▶ STORED DATA
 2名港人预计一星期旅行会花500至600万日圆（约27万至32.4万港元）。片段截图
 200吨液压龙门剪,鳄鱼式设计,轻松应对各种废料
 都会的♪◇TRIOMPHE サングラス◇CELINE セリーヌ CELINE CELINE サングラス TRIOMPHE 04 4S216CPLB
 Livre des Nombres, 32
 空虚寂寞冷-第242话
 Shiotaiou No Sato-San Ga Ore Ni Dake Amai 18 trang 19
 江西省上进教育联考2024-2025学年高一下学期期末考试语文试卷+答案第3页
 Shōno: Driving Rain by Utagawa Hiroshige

▶ EXERCISE GOAL
The answer consists solely of the lines from the one containing "Shiotaiou No Sato-San" through the last line of the data above, reproduced exactly.

▶ OUTPUT
 Shiotaiou No Sato-San Ga Ore Ni Dake Amai 18 trang 19
 江西省上进教育联考2024-2025学年高一下学期期末考试语文试卷+答案第3页
 Shōno: Driving Rain by Utagawa Hiroshige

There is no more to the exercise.